»»

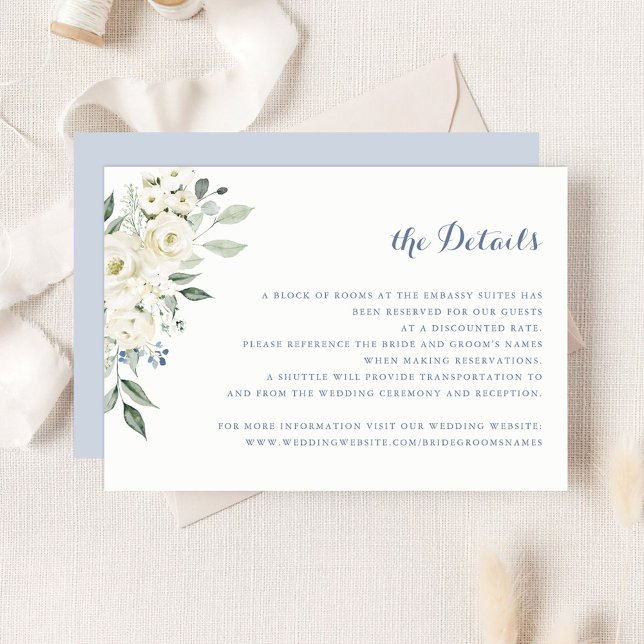 Invitation Elegant White Flowers Dusty Blue Wedding Details (Créateur téléchargé)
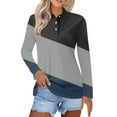 thumbnail image 2 of Womens Long Sleeve Polo Shirts Color Block V Neck Collared, Fall Casual Tunic Tees for Weekend Navy M, 2 of 6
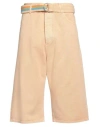 Marcelo Burlon County Of Milan Short Camel Cotton Trousers In Beige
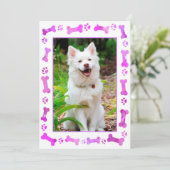 Foto Pink Paw Prints Hund Geburtstag Einladung (Stehend Vorderseite)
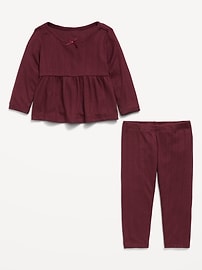 Image number 3 showing, Long-Sleeve Pointelle-Knit Top and Pants Set for Baby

««

▶ [Exercise instructions]:
Starting from the first line of the listing above, write out every line exactly through the one containing "thumbnail image 2", and drop the pictures.

▶ [Exercise response]:
 Invitation Elegant White Flowers Dusty Blue Wedding Details (Créateur téléchargé)
 thumbnail image 2 of Womens Long Sleeve Polo Shirts Color Block V Neck Collared, Fall Casual Tunic Tees for Weekend Navy M, 2 of 6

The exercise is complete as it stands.